By Vivian Moreau
Although emergency room physicians in Whistler this week were learning the latest about myocardial infarction and fibrinolysis, in the halls outside Hilton Whistler’s meeting rooms the talk was about shortages of colleagues.
Emergency room physicians attending a University of Toronto-organized national conference in Whistler say it’s not just B.C. that’s having problems finding enough doctors to work in hospital emergency rooms.
Alan Lalonde is a family doctor in Alma, Quebec. In Whistler to attend a five-day conference with almost 200 other physicians from around the world who work in hospital emergency rooms, Dr. Lalonde said rural Quebec is having the same difficulties as B.C. in attracting doctors.
Although the province allows rural doctors to bill 15-20 per cent more than urban counterparts and offer sign up bonuses to new doctors, rural areas are still understaffed. And Lalonde said younger doctors especially shun the demanding emergency room.

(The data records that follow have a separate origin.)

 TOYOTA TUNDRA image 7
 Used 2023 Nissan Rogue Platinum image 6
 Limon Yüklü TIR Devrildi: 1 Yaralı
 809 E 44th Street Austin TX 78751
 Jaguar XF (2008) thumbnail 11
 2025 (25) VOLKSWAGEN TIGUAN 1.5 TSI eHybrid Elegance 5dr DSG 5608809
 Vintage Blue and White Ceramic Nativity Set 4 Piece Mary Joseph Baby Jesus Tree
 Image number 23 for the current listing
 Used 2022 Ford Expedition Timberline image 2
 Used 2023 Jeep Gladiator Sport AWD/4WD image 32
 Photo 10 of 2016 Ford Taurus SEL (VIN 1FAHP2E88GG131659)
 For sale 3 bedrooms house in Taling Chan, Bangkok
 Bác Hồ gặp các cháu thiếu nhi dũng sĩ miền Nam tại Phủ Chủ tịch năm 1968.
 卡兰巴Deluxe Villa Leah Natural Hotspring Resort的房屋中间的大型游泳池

“Younger doctors will get into ER initially and then tend to move on to other things,” he said.
As a family physician Lalonde puts in four shifts a month in his community’s emergency room, much less than Ashcroft, B.C. physician Raymond McConville, also attending the conference. McConville, who immigrated to Canada five years ago from the U.K. puts in two nights a week and one weekend a month in the community one hour from Kamloops. He works about 83 hours a week as do the town’s two other doctors. But many of Ashcroft’s residents travel to Kamloops and McConville said he and his colleagues would need another doctor if they were Ashcroft’s only medical option.
Doctors were in the news this week after emergency room physicians from Royal Columbian Hospital in New Westminster lambasted the provincial minister of health, saying overcrowding in the Lower Mainland hospital is so bad that they can no longer provide safe and timely care.
Also in Whistler for the conference was Dr. Joe Haegert, who works for Royal Columbian which sees about 55,000 patients a year and is short two emergency room positions. Haegert works about 16 10-hour shifts a month and sees about 30 people per shift. He says he can imagine the stresses placed on doctors like those in Sechelt who this week said they may no longer be able to keep the local hospital’s emergency room open 24 hours a day. Sechelt has lost seven of its 23 doctors in the past two years and the remaining 16 doctors, many of them nearing retirement, are burnt out from long hours running their practice and working four to eight shifts a month in the emergency room.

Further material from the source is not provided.